The present invention relates generally to a system for recharging plug-in hybrid vehicles and more particularly to a system that balances the electrical power demands on local distribution networks.
Due to rising cost of petroleum and the fuels derived from it, the desire to improve efficiency to reduce air pollutants and increasingly more restrictive regulatory requirements, the automotive industry has developed new types of vehicles that utilize a combination of power sources to provide the necessary energy to provide propulsion for the vehicle. Rather than rely solely on an internal combustion engine, these new vehicles, referred to as hybrid vehicles, utilize an internal combustion engine in combination with an electric motor. Another version called a plug-in hybrid may also supplement the charging of the batteries from the electric grid or other sources. Depending on the mode of operation, the vehicle will use the combustion engine, the electric motor, or a combination thereof. By using the electric motor at various times, the combustion engine could be shut off, reducing the amount of gasoline or other fuel consumed using electricity to power the motor instead. The electric motor is powered by batteries that are periodically recharged through a combination of a generator coupled to the combustion engine, regenerative breaking technology and from the local utility grid or other external source of electricity. Regenerative breaking allows the capture of energy that would otherwise be dissipated through heat when the vehicle is slowed down or brought to a stop.

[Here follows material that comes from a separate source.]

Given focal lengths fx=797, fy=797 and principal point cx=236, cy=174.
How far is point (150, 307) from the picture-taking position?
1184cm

Hybrid vehicles provided many advantages over previously introduced all electric vehicles. The hybrid vehicle provided greater range and more flexibility for the operator. Since the all-electric vehicle needed to be charged periodically, and required several hours at a minimum to recharge, the operator needed to remain aware of the level of charge remaining in the batteries to ensure they were able to return to their charging station. Hybrid vehicles, in contrast, by having two different sources of propulsion do not carry the same risks due to the wide availability of fuels such as gasoline.

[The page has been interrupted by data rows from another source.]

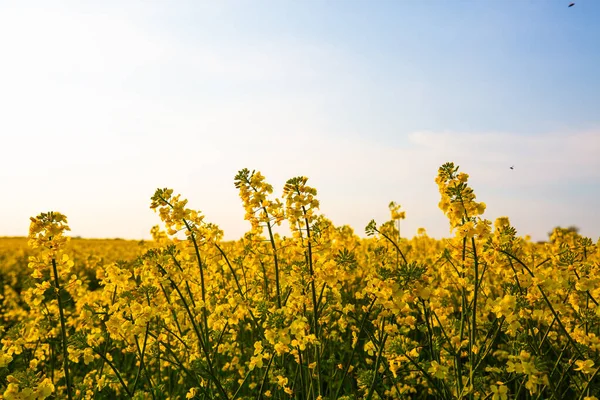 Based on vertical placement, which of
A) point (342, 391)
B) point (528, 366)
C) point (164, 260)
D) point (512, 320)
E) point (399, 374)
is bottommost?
point (342, 391)

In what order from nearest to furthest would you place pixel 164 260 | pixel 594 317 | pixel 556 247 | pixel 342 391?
pixel 164 260 → pixel 594 317 → pixel 342 391 → pixel 556 247

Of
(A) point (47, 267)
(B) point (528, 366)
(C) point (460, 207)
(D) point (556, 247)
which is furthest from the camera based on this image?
(D) point (556, 247)

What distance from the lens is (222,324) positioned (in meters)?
4.59

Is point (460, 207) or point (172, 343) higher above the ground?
point (460, 207)

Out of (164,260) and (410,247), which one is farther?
(410,247)

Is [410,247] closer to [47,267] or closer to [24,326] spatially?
[24,326]

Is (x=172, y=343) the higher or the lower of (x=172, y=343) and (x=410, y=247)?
the lower

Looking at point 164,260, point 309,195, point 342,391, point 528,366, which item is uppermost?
point 309,195

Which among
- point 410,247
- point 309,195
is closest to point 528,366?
point 309,195

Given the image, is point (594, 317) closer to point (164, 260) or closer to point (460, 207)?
point (460, 207)

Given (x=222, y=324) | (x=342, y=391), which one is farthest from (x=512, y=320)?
(x=342, y=391)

A typical hybrid vehicle uses a nickel metal hydride battery to store electrical charge. When run in pure electric mode, the hybrid vehicle can only operate for short distances, 2 km-32 km for example, before requiring the use of the gasoline engine. Since the gasoline engine recharges the batteries, at least in part, the vehicle manufacturers need to balance the amount of battery storage against fuel efficiency to provide a vehicle that meets the consumers performance expectations.

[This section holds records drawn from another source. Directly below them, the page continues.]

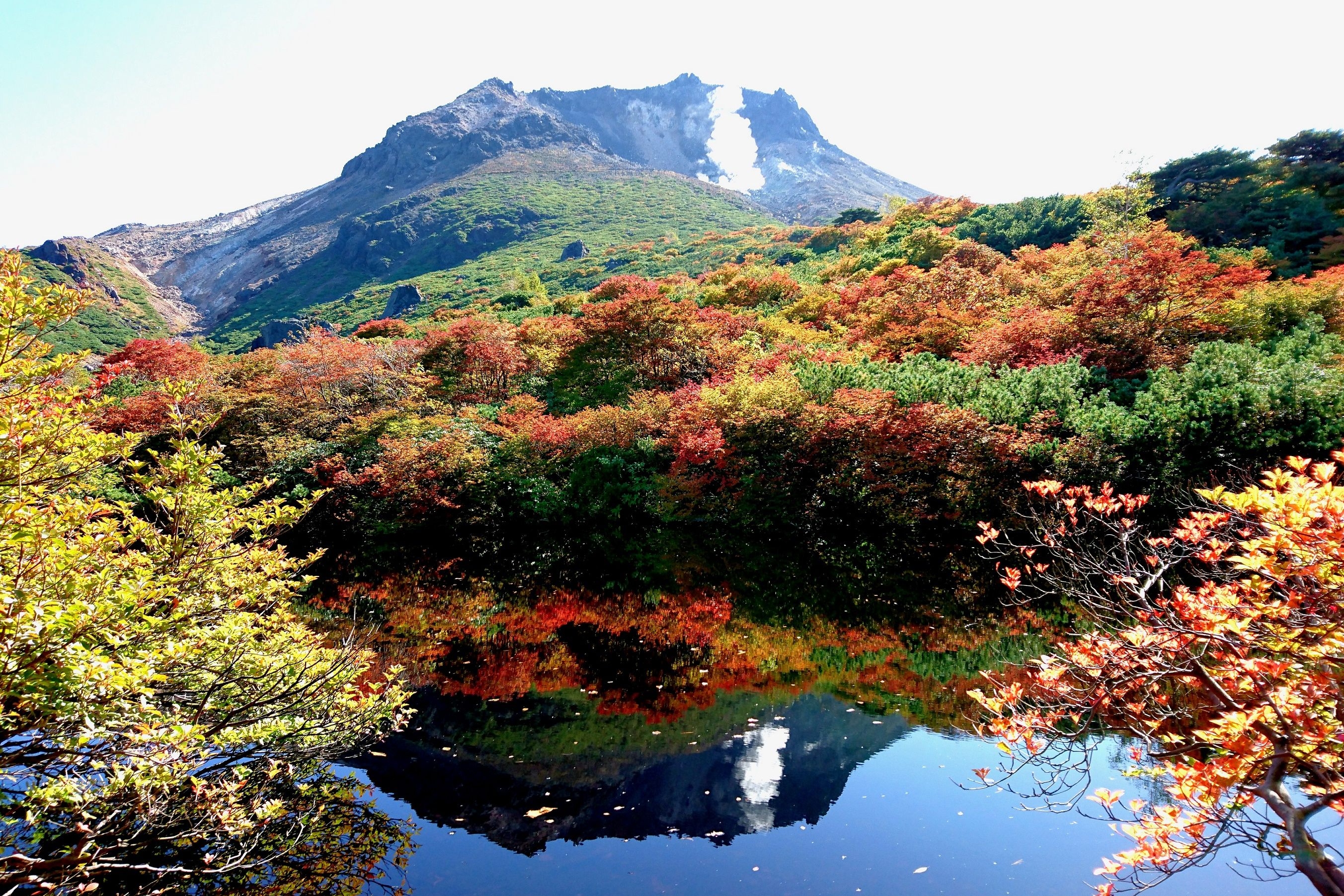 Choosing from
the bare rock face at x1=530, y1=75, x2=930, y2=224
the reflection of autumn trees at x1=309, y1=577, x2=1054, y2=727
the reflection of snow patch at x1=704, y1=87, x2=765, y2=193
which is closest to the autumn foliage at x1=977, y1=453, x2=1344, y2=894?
the reflection of autumn trees at x1=309, y1=577, x2=1054, y2=727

To further lower emissions and increase gas mileage, some manufacturers have developed so-called “plug-in” hybrid (“PIH”) vehicles. The PIH vehicles include a receptacle that connects the batteries to a standard 110V or 220V household electrical outlet and allows the consumer to recharge the batteries using utility electric power rather than by burning gasoline or other fuel in a combustion engine. This allows the PIH vehicles to have a longer range in electric mode of operation since larger capacity batteries may be used, resulting in vehicle that uses less gasoline and thus lower emissions. While the PIH vehicle does place additional demands on the existing utility electrical distribution.
While existing electrical distribution systems are suitable for this new purpose, there remains a need for improvements, particularly regarding the control of recharging of PIH vehicles and the increased efficiencies that may be gained from existing utility electrical distribution networks.